What to do: “Keep your anger in check; yelling out of frustration never lets you achieve your desired outcome, it just gets your partner angry and defensive,” says Malec. She suggests divvying up the household tasks based on preference so it’s clear who’s responsible for what: “if you hate taking out the trash, and your partner doesn’t mind it, he takes it out. If he hates scrubbing pots, and you find it less bothersome, you take on that task.”

Fashionably Late vs. Always Early
“If one of you is always running late, promising to be somewhere at a specific time and failing to meet your commitment, this is very disrespectful to your partner. The message you are sending is ‘your time is not as important as my time.'”

What to do: “For the on-time partner, your frustration with this issue should be communicated with the goal of problem-solving together. For the partner who is always early, try to determine what drives you to be early and what you fear about being late. Communicate this to your partner so he or she understands why this issue is important to you.” A strategy that works? Agree on the departure time, and head out together. “If you are heading to a party on Saturday night, spend a few moments in the afternoon discussing and agreeing on what time you plan to leave. Same goes for a restaurant dinner reservation: Discuss ahead of time what time you will walk out the door.”

Low Libido vs. High Libido
“This is one of those differences that is more difficult to solve then wanting your partner to put his clothes in the hamper or rinse the dishes before placing them in the dishwasher. Sex is a complex and multilayered issue in relationships. For partners with significantly different sexual needs, communicating about these differences is mandatory. Feeling rejected and unwanted sexually can quickly take a toll on a relationship. Dismissing a partner’s sexual needs can feel belittling, and not feeling heard or understood can feel disrespectful and uncaring.”

What to do: “Do not minimize or be critical of your partner’s needs or his or her disinterest in sex&,dash;talk to each other, educate yourselves about foreplay and different sexual positions, make sure each of you is reaching orgasm. If not, consider meeting with a sex therapist for help in resolving your problems.”
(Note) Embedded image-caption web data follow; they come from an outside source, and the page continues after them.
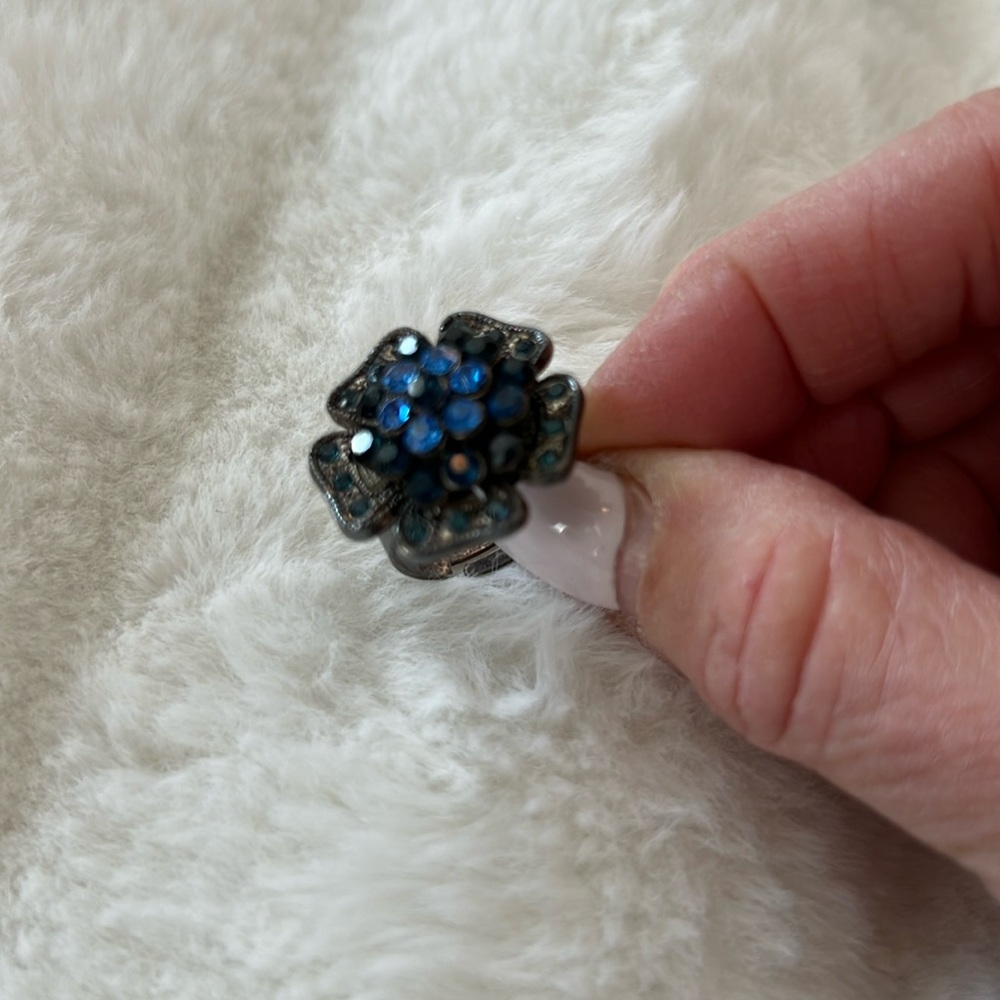 Navy flower ring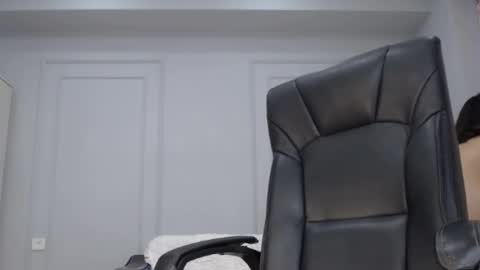 Snapshot of nellybreeze chatting on December 2024 03:47:02 AM Nelly online show from December 2024 03:47:02 AM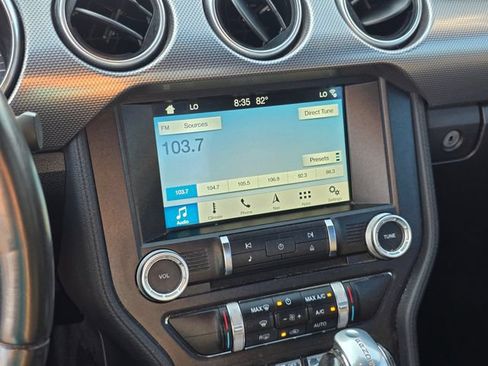 Used 2018 Ford Mustang Coupe w/ Equipment Group 101A RWD image 20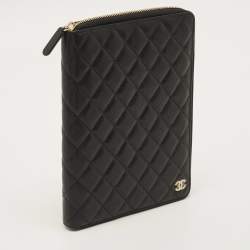 Pre Owned Chanel Zip Around Agenda Cover Black Quilted Caviar Leather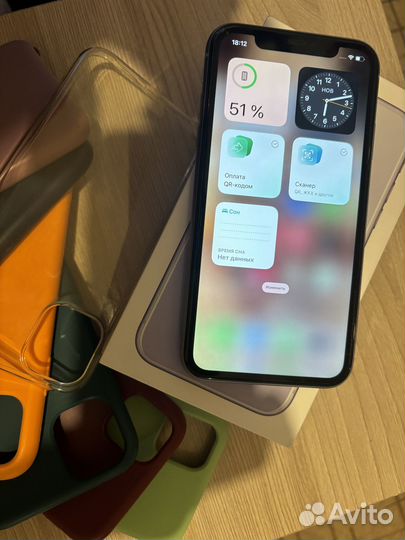 iPhone 11, 64 ГБ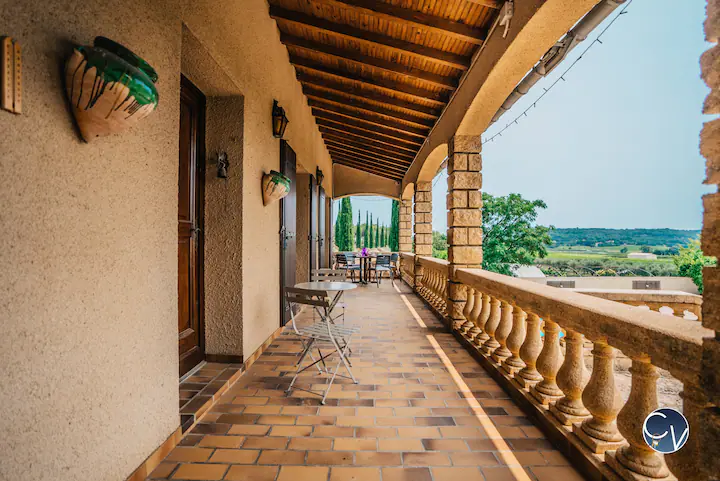 villa venejan balcon entier location courte duree conciergerie des vallees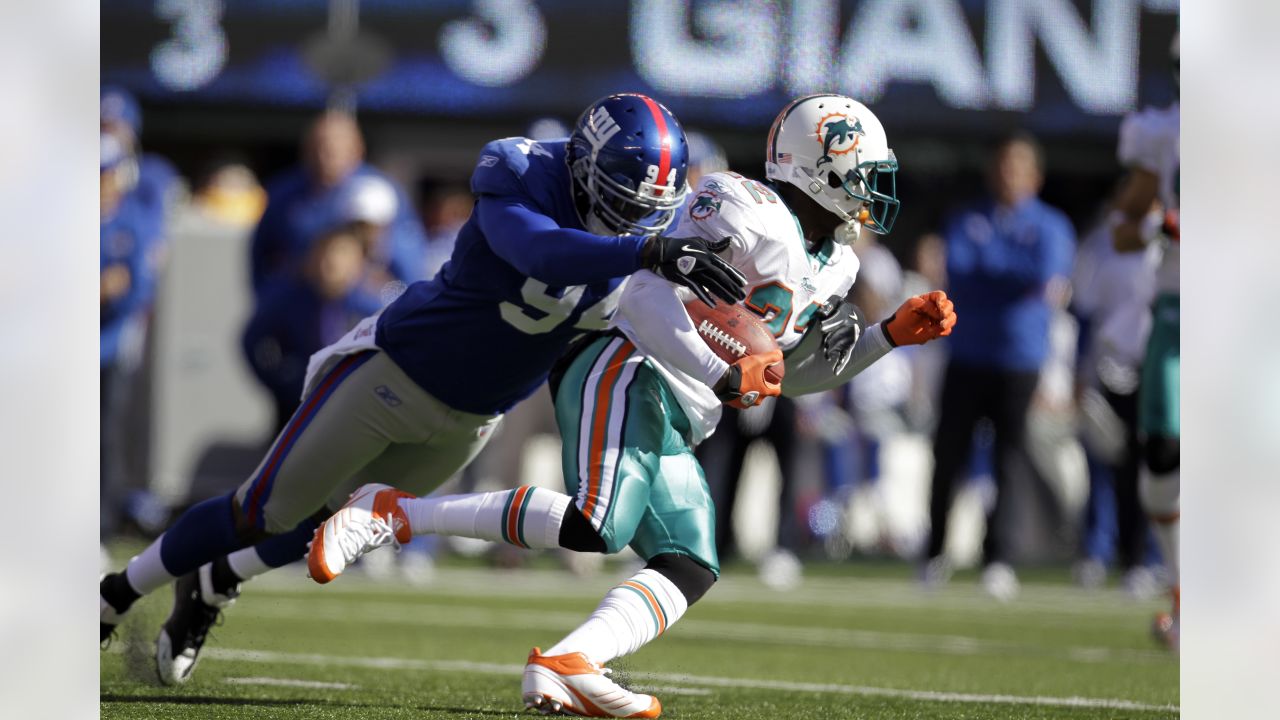 Mathias Kiwanuka still yet to be cleared to practice with Giants after trip  to spine specialist 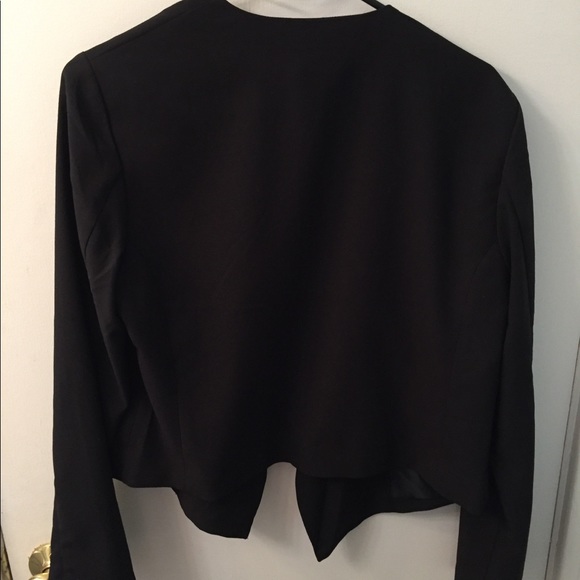 Black Waterfall front blazer - Picture 2 of 3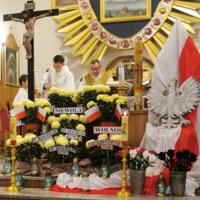 Obchody Narodowego Święta Niepodległości w Szkole Podstawowej w Marcinkowicach - zdjęcia z uroczystości w kościele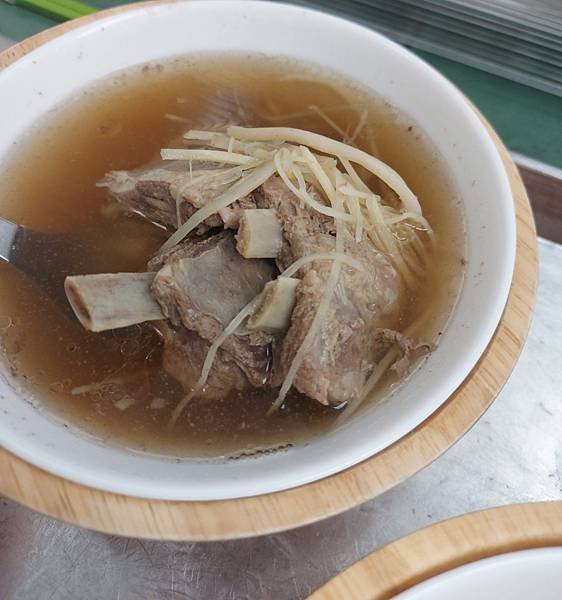 2023.09.24　樂天羊肉｜文青風羊肉店。10塊錢的黏嘴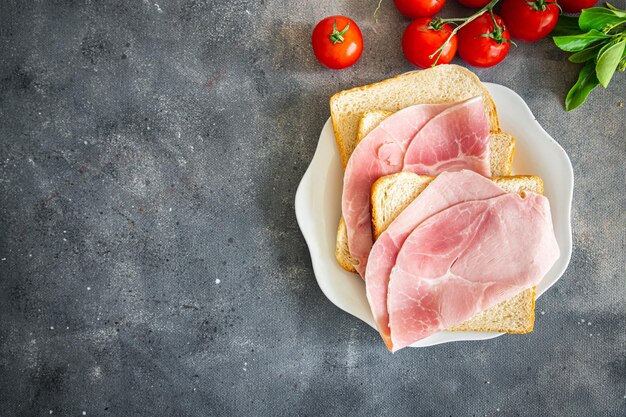 panino di carne prosciutto di maiale salsiccia pasto fresco cibo spuntino sul tavolo copia spazio cibo sfondo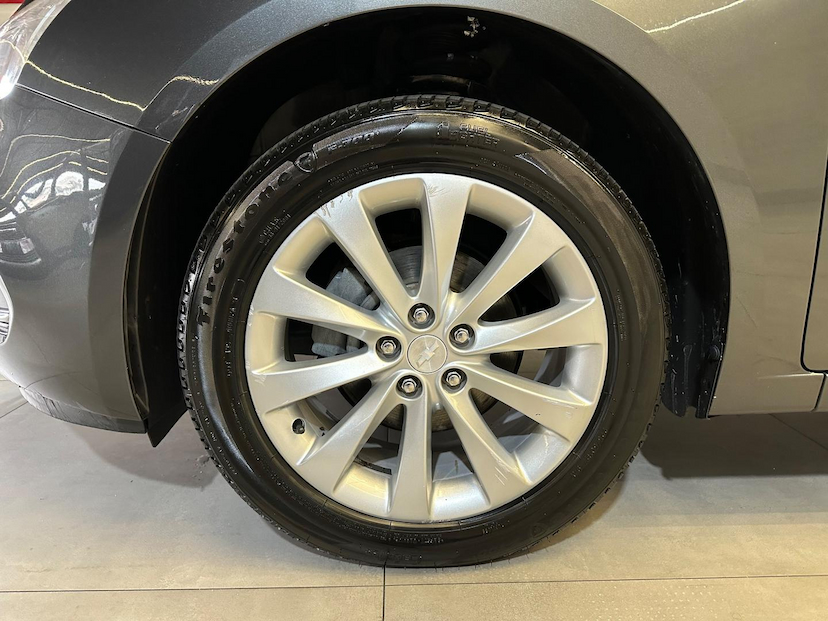 Foto do veículo CHEVROLET CRUZE  LT NB 2016 115.000 KM 73.900,00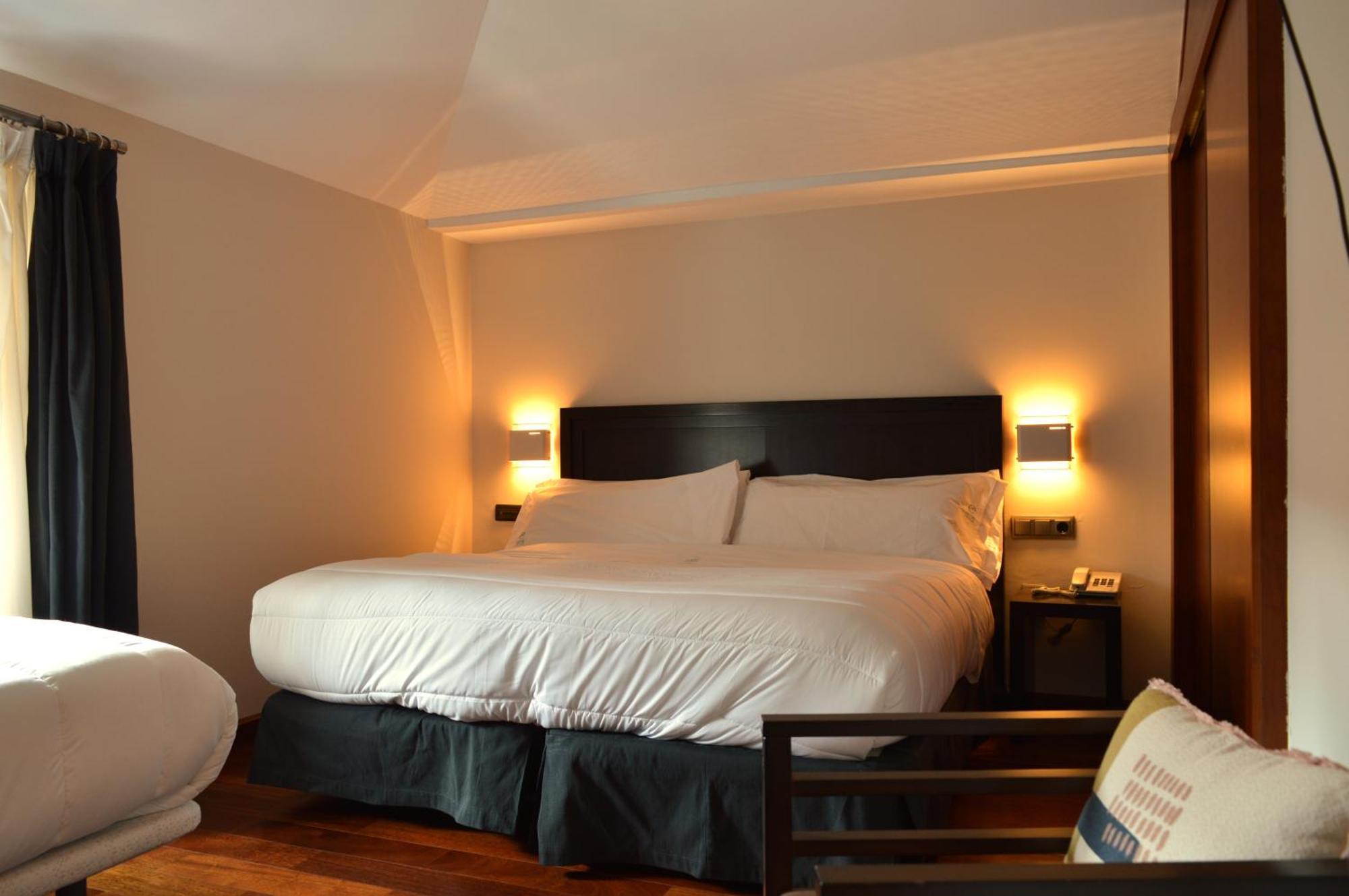 Hotel Baeza Monumental By Eme Hoteles Exterior photo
Workout Lover vs. Workout Hater
“This is one of those relationship differences that has the potential to grow more significant over time, putting yourselves at risk for growing resentful of or treating one another disrespectfully. The workout buff needs to communicate the importance of exercise for him or her, and then brainstorm options for activities they can do together. Exercising together can help solidify your relationship, and finding enjoyment in the same activities creates a strong connection.”

What to do: “If the couch potato despises strict workouts or going to the gym, brainstorm less strenuous activities that still offer time for connection and a way to be more active, like going for a walk in your neighborhood or riding bikes together,” Malec says. “Be clear with each other about why you care to share in this endeavor together.”